• [Problem] Copy out each line of the data that contains "Mount".

(Extracted entries Opens)

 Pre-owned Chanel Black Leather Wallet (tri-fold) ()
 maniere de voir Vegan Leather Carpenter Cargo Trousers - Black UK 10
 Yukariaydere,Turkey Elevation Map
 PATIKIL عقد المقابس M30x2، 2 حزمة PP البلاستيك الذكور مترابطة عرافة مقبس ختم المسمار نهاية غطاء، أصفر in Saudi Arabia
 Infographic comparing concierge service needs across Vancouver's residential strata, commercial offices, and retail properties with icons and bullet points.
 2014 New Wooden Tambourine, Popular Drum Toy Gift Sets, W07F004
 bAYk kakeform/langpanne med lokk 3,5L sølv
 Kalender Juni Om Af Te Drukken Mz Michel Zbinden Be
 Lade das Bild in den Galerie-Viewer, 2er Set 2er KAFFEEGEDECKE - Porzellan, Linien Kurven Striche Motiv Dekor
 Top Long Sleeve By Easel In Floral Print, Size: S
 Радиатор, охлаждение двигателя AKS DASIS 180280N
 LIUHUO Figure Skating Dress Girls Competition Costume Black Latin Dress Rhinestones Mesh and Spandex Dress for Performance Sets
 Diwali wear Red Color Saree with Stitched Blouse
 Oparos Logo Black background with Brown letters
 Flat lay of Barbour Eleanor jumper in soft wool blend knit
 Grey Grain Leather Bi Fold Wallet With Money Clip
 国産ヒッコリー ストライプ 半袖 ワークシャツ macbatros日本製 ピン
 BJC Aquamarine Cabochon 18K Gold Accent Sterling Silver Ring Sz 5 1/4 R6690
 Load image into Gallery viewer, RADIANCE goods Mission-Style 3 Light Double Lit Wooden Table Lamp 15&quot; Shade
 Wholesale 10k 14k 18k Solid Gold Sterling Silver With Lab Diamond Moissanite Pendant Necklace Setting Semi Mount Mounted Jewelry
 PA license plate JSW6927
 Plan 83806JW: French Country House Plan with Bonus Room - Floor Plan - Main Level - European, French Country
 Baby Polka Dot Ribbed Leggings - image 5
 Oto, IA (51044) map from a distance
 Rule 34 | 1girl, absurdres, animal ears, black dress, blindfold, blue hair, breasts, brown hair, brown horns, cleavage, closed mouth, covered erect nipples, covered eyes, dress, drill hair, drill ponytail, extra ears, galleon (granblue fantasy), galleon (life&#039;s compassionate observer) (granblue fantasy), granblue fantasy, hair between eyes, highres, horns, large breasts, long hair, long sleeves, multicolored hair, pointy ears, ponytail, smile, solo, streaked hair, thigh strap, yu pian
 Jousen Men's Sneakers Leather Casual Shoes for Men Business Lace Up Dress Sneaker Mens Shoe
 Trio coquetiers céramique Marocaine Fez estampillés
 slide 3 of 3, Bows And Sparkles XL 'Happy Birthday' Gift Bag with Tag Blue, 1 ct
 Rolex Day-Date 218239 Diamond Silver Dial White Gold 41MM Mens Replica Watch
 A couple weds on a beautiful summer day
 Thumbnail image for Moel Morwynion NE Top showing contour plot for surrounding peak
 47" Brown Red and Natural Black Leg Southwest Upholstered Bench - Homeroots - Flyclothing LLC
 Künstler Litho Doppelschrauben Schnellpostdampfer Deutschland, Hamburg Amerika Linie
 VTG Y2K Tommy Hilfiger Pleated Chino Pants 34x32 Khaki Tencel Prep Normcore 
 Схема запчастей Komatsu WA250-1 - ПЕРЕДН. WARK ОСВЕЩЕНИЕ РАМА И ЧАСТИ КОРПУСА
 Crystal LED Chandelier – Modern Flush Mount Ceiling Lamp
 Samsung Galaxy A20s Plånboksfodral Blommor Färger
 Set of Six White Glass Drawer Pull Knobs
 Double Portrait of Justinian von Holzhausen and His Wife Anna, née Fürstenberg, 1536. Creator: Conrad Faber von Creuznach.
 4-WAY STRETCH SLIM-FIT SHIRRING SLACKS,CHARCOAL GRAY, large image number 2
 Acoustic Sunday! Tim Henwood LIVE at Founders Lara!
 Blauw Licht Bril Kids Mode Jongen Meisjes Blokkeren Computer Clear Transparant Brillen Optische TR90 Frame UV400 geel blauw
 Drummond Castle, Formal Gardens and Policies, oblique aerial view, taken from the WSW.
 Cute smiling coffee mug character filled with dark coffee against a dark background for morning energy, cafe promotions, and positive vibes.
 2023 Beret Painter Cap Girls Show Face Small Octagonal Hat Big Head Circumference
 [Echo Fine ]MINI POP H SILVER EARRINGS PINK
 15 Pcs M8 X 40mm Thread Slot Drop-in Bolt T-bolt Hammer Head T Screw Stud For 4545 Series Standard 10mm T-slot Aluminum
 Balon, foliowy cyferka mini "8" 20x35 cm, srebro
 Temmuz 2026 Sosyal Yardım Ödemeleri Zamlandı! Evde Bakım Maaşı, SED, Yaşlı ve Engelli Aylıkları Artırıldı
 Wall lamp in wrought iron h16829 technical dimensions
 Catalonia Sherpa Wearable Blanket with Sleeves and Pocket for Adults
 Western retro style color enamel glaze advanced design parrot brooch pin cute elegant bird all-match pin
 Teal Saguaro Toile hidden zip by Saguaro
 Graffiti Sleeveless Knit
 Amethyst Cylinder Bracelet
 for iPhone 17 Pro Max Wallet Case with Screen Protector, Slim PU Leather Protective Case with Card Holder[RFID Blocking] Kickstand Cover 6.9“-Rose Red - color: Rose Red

(Extracted entries Closes)

• [Output]
 Wholesale 10k 14k 18k Solid Gold Sterling Silver With Lab Diamond Moissanite Pendant Necklace Setting Semi Mount Mounted Jewelry
 Crystal LED Chandelier – Modern Flush Mount Ceiling Lamp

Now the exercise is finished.